Il scanda, méchamment :

— Un cauchemar heureux… pour toi… pour lui…

— Non, non, dit-elle vivement, à genoux sur le lit, et lui serrant la tête de ses deux mains… Non, je te le jure… J’étais à bout de forces, et il n’a senti que mon dégoût et ma fureur… Je me suis enfuie… je ne l’ai plus revu que l’autre jour, quand il est venu m’annoncer la mort de sa sœur… Mais, moi, je savais…

— Tu savais quoi, Flavie ?

— Ma faiblesse, dit-elle à voix basse et plus près encore de lui… Et, depuis, vois-tu, j’ai peur… Quand les hommes m’approchent et que je devine leur regard qui m’épie et qui me cherche, j’ai peur de moi et du vertige qui m’envahit. Je suis vraiment l’Impudique. Tout est impudeur et luxure en moi… Ma bouche, ma poitrine… Tout se livre et s’offre… Il me semble que je vais m’évanouir… J’ai peur…

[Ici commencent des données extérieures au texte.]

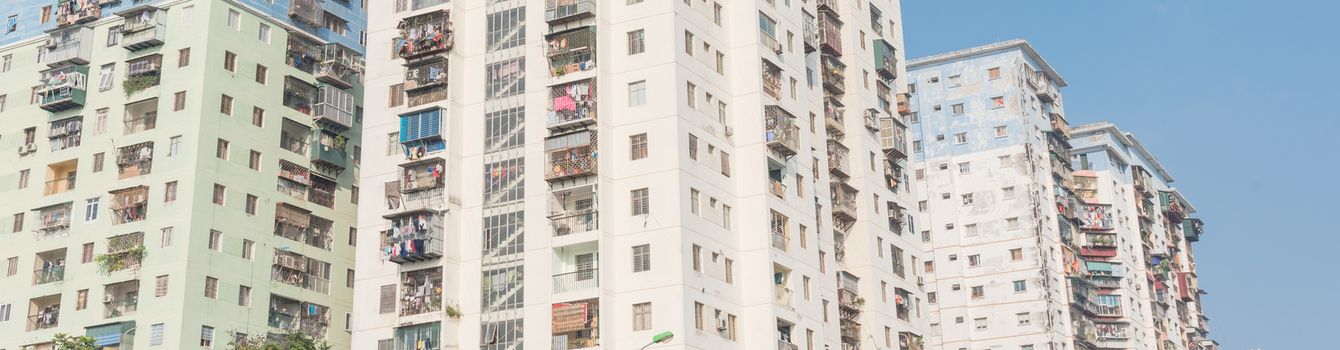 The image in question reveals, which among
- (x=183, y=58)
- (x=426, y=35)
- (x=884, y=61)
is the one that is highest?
(x=884, y=61)

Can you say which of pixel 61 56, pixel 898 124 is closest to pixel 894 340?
pixel 898 124

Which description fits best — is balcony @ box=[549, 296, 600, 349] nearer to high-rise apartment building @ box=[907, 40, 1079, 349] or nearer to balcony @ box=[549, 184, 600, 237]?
balcony @ box=[549, 184, 600, 237]

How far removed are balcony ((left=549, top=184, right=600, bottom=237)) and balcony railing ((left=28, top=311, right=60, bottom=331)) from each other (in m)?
24.5

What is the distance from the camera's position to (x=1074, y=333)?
106250 mm

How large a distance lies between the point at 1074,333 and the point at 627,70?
51495 mm

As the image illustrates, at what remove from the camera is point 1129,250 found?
391 feet

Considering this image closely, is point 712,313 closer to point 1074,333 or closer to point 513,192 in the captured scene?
point 513,192

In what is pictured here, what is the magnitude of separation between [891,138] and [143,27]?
35.1 metres

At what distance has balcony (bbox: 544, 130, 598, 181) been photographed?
63281 millimetres

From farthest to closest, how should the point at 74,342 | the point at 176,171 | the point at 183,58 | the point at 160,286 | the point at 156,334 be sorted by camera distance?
the point at 183,58
the point at 176,171
the point at 160,286
the point at 74,342
the point at 156,334

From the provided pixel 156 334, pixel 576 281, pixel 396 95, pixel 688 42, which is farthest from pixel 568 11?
pixel 156 334

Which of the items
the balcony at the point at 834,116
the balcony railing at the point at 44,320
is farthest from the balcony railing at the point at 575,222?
the balcony railing at the point at 44,320

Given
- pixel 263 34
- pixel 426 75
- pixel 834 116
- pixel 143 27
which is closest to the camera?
pixel 426 75

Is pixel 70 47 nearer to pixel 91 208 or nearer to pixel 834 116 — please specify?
pixel 91 208
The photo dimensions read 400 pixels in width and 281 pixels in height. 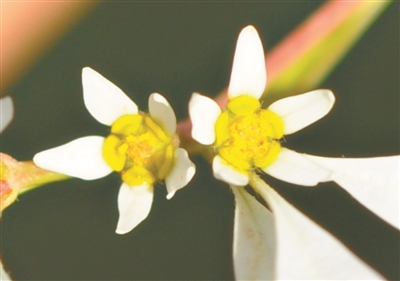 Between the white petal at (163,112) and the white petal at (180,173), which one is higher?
the white petal at (163,112)

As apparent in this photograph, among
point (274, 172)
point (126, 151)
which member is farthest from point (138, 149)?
point (274, 172)

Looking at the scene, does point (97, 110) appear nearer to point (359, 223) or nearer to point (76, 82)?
point (76, 82)

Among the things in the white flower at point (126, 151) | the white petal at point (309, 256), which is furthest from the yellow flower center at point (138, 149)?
the white petal at point (309, 256)

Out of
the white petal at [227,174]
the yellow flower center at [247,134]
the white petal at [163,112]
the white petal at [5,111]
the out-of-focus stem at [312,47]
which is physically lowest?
the white petal at [5,111]

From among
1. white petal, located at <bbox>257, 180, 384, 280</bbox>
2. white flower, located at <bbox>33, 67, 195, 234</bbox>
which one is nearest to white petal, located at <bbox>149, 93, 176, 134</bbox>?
white flower, located at <bbox>33, 67, 195, 234</bbox>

— Peur de toi, Flavie ? pour une seule défaillance ? Avoue qu’il y a d’autres raisons.

— Il y en a d’autres, dit-elle sourdement. Il y en a une autre, qui est en dehors de moi, et que je connais par Zoris. Un jour, en revenant de ce voyage affreux, j’ai dû repousser son amour, et, par vengeance, il m’a raconté… Ah ! ne m’interroge pas, Stéphane… Toute cette souffrance de vivre, toute mon angoisse, c’est cela, c’est à cause de cela surtout que j’ai perdu confiance en moi, que j’ai fui les hommes, que je me suis réfugiée en Dieu. Lui seul pouvait me protéger…

Il l’entoura de ses bras et murmura :

— Cependant… moi… Flavie, tu ne m’as pas fui ?…

— Oh ! toi ! dit-elle… cela n’a pas été pareil. Tu étais à mes yeux le fiancé de Véronique… Comment me serais-je défiée ?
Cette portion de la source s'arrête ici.